Esslingen is an electoral constituency (German: Wahlkreis) represented in the Bundestag. It elects one member via first-past-the-post voting. Under the current constituency numbering system, it is designated as constituency 261. It is located in central Baden-Württemberg, comprising the northern part of the Esslingen district.

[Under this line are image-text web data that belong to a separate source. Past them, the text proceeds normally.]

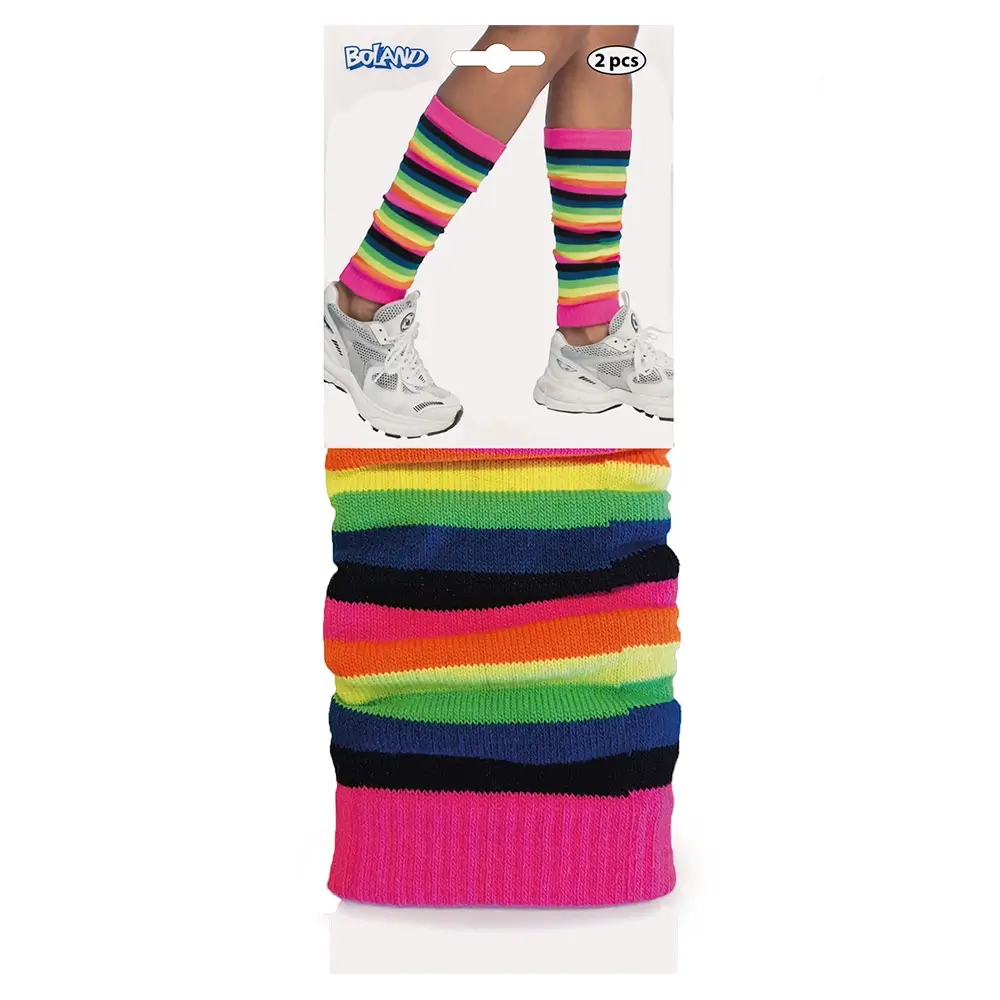Flerfarvede leggings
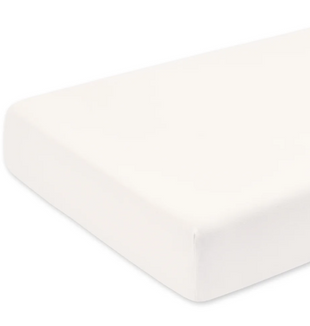 Coprimaterasso in jersy di cotone 70x140 cm - Ivory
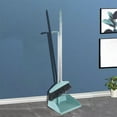 thumbnail image 1 of Ycandiee Brooms and Dustpan Set, Standing Storage Buckle Type, Long Handle Broom with Stand Up Dustpan Combo Set, for Office Home Kitchen Lobby Floor, 1 of 6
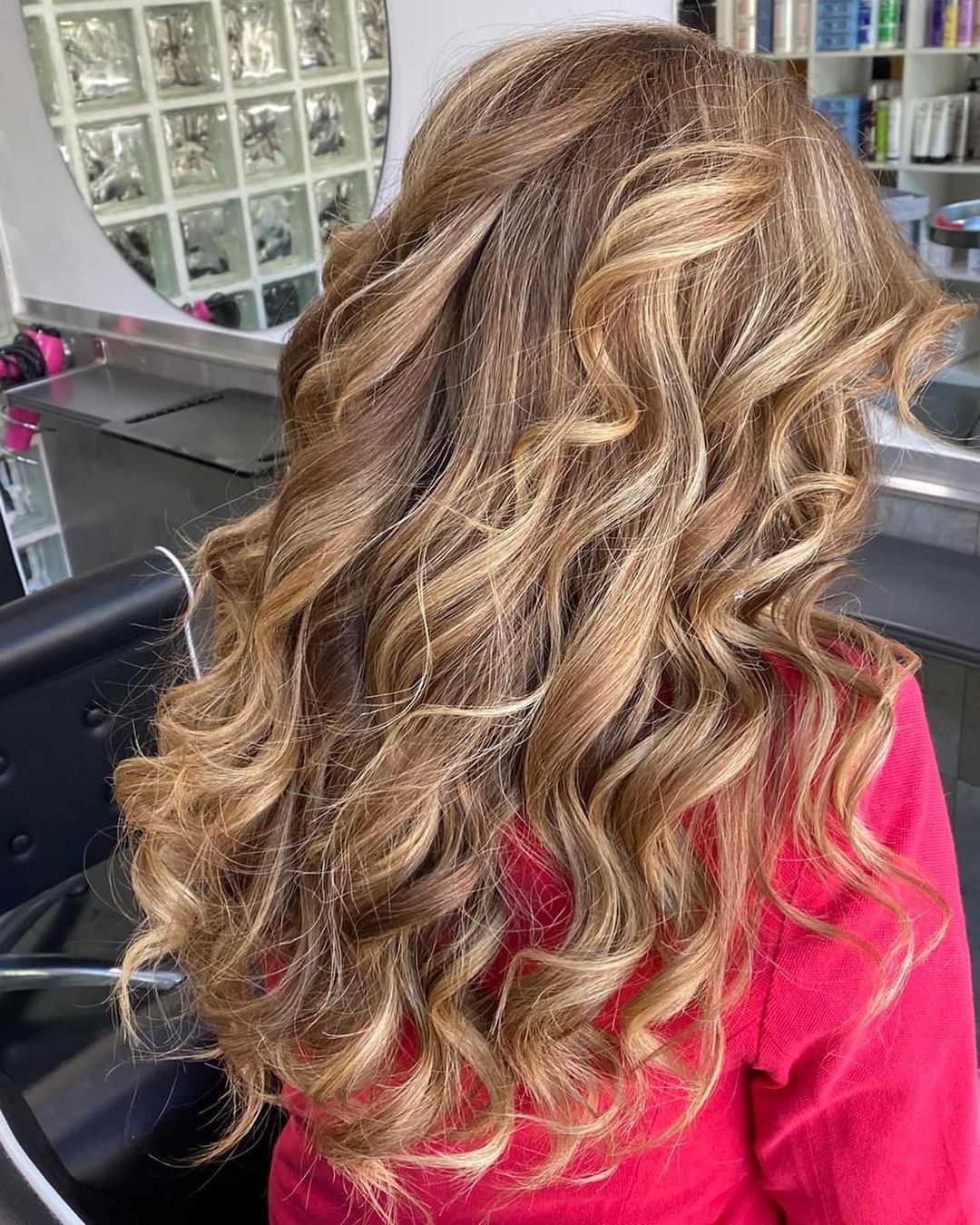 Ondas balayage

Esslingen was created for the inaugural 1949 federal election. From 2002 to 2025, it was represented by Markus Grübel of the Christian Democratic Union (CDU). Since 2025 it has been represented by David Preisendanz of the CDU.

==Geography==
Esslingen is located in central Baden-Württemberg. As of the 2021 federal election, it comprises municipalities of Aichwald, Altbach, Baltmannsweiler, Deizisau, Denkendorf, Esslingen am Neckar, Hochdorf, Köngen, Lichtenwald, Neuhausen auf den Fildern, Ostfildern, Plochingen, Reichenbach an der Fils, Wendlingen am Neckar, and Wernau from the Esslingen district.

==History==
Esslingen was created in 1949, then known as Eßlingen. It acquired its current name in the 1980 election. In the 1949 election, it was Württemberg-Baden Landesbezirk Württemberg constituency 6 in the numbering system. In the 1953 through 1961 elections, it was number 168. In the 1965 through 1976 elections, it was number 171. In the 1980 through 1998 elections, it was number 165. In the 2002 and 2005 elections, it was number 262. Since the 2009 election, it has been number 261.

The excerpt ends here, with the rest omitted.